About this task ▸
Copy the lines running from the one that contains "Pepsi 2.5 Lt 6'lı - Görsel 4" to the end of the entries below, exactly and with no pictures.

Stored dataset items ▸

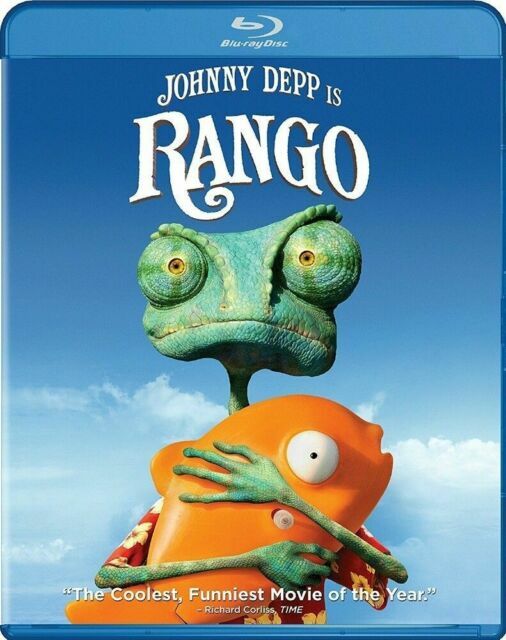 Rango [Blu-ray] DISC ONLY NO CASE NO COVER ART NEW UNUSED CONDITION SHIPS FAST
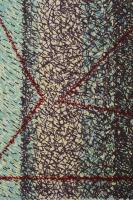 Hajdú László (1938-): Szféra. Szitanyomat, papír. Jelzett. Művészpéldány AE/V számozással. 24x48,5 c...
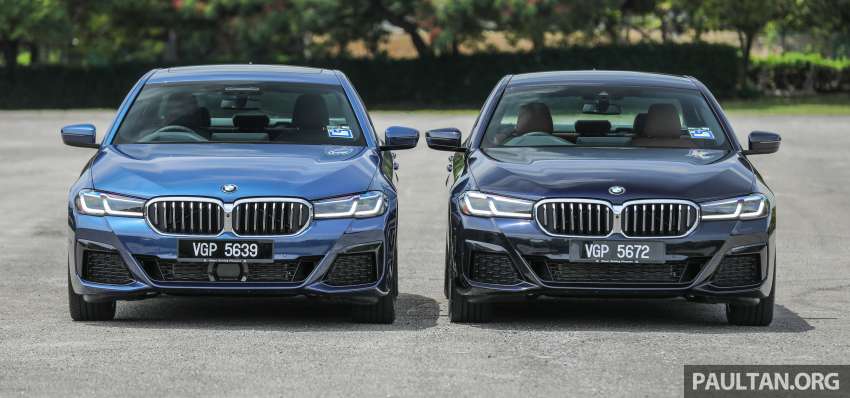 REVIEW: 2021 BMW 5 Series in Malaysia – G30 LCI 530e and 530i M Sport, priced from RM318k to RM368k 1374174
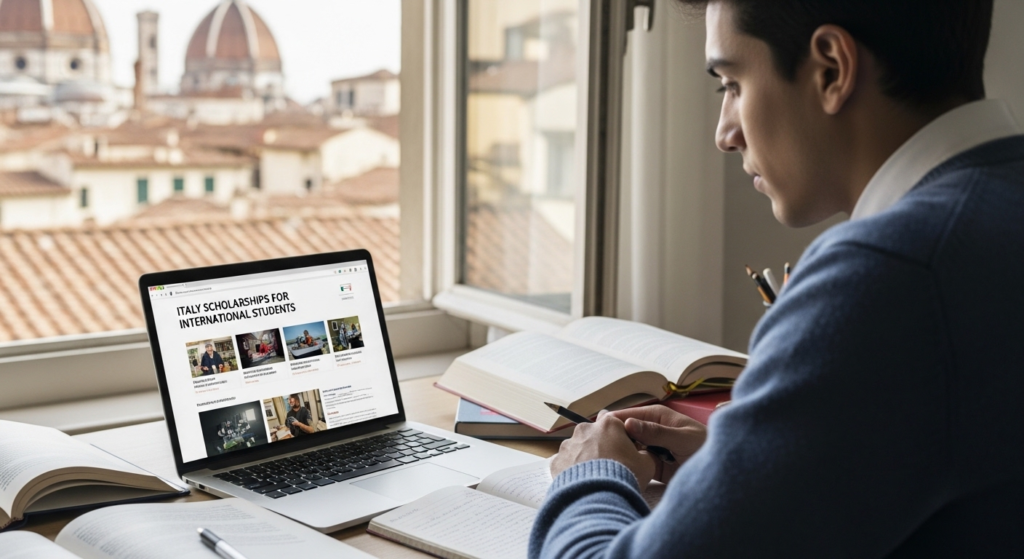 Italy Scholarships for International Students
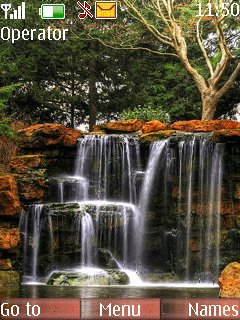 Water Fall -  1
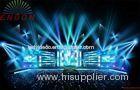 Stage backdrop Mobile LED Display Curtain 960mm 960mm with Dbstar control system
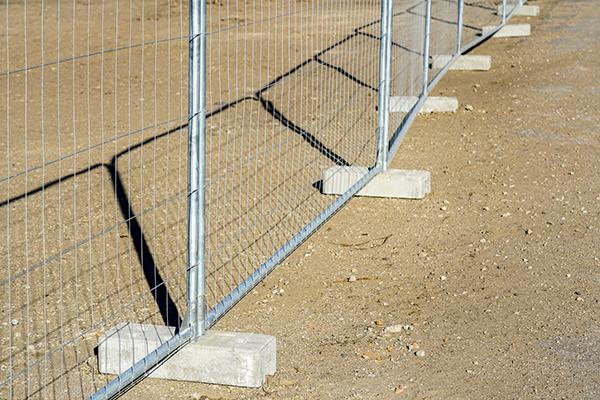 employees at Fence Rental Roseville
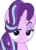 Size: 4348x5982 | Tagged: safe, artist:jhayarr23, starlight glimmer, pony, unicorn, g4, my little pony: friendship is magic, shadow play, absurd resolution, female, raised eyebrow, reaction image, simple background, solo, starlight glimmer is not amused, transparent background, unamused, vector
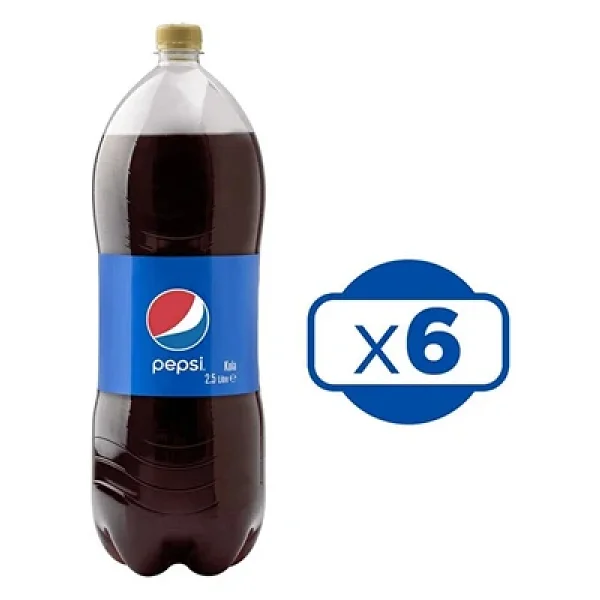 Pepsi 2.5 Lt 6'lı - Görsel 4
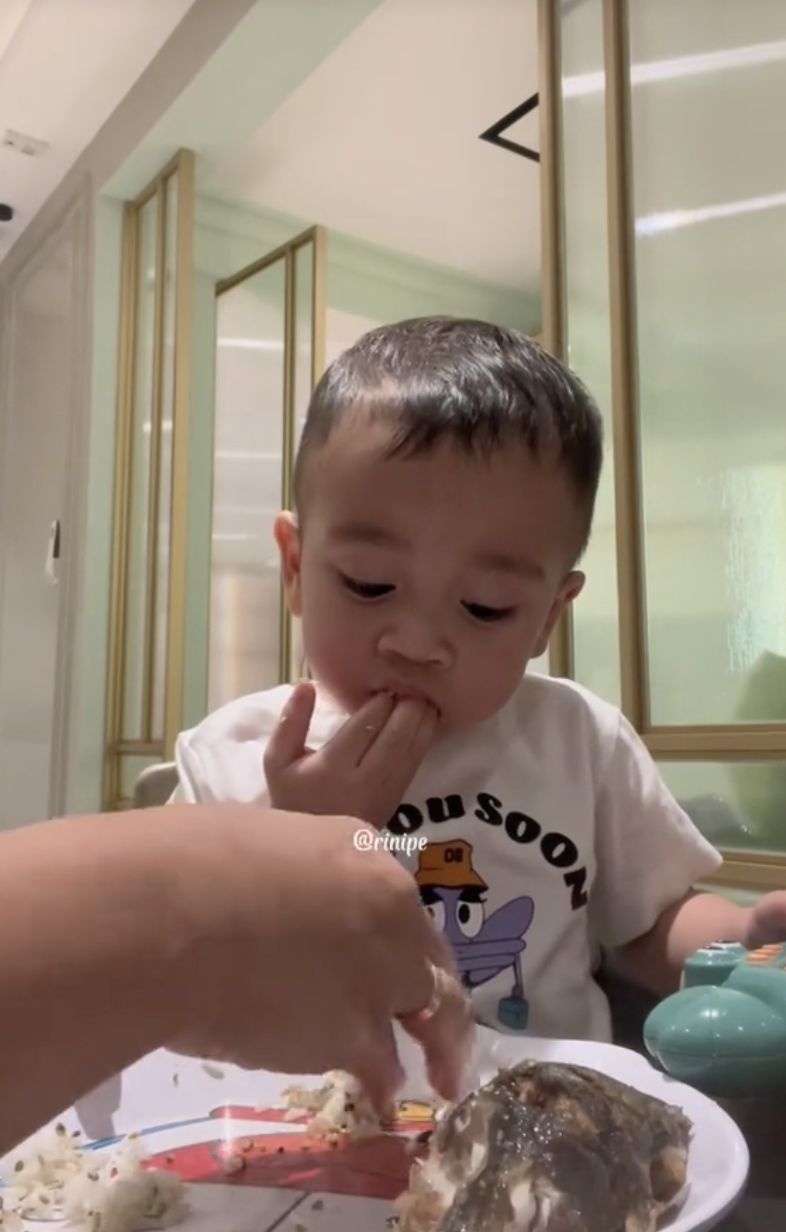 Ini Makanan Favorit Anak Sultan Andara, Rayyanza 'Cipung' Murah Tapi Bergizi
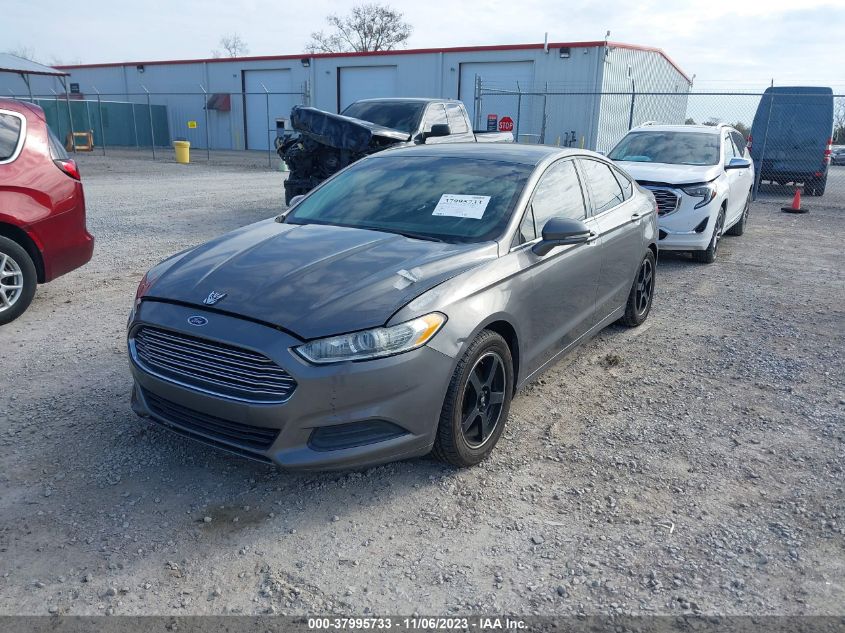 2014 FORD FUSION SE - 1FA6P0H7XE5389155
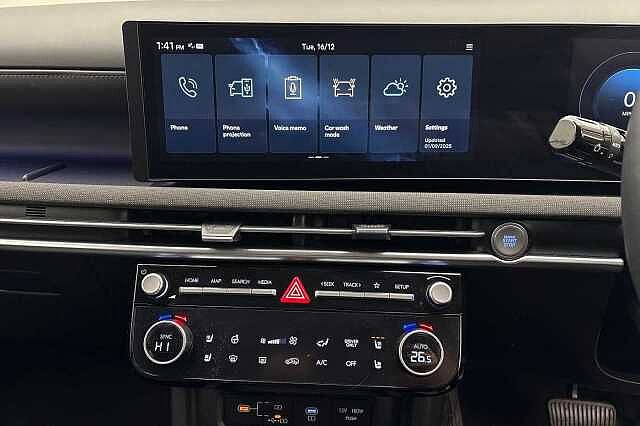 Hyundai TUCSON 1.6 T-GDi 13.8kWh Ultimate Auto Euro 6 (s/s) 5dr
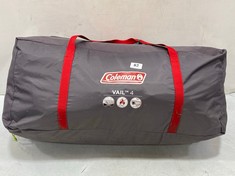 COLEMAN VAIL 4 PERSON TENT - RRP £299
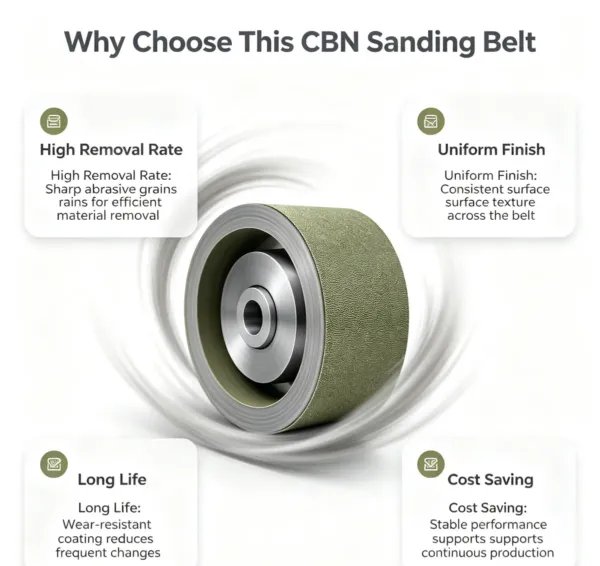 Diamond and CBN Electroplated Bonded Abrasive Sanding Paper (40#-5000#)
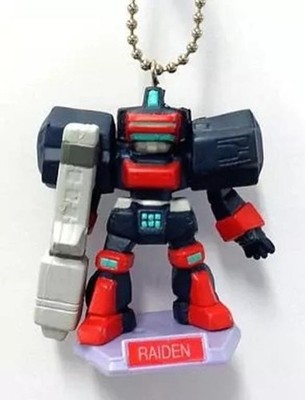 #F14-531 Sega Virtual On 2'' Figure Keychain Raiden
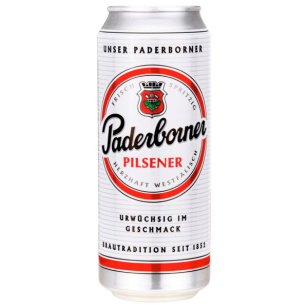 Paderborner Pilsener Dose 0,5 L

Task output ▸
 Pepsi 2.5 Lt 6'lı - Görsel 4
 Ini Makanan Favorit Anak Sultan Andara, Rayyanza 'Cipung' Murah Tapi Bergizi
 2014 FORD FUSION SE - 1FA6P0H7XE5389155
 Hyundai TUCSON 1.6 T-GDi 13.8kWh Ultimate Auto Euro 6 (s/s) 5dr
 COLEMAN VAIL 4 PERSON TENT - RRP £299
 Diamond and CBN Electroplated Bonded Abrasive Sanding Paper (40#-5000#)
 #F14-531 Sega Virtual On 2'' Figure Keychain Raiden
 Paderborner Pilsener Dose 0,5 L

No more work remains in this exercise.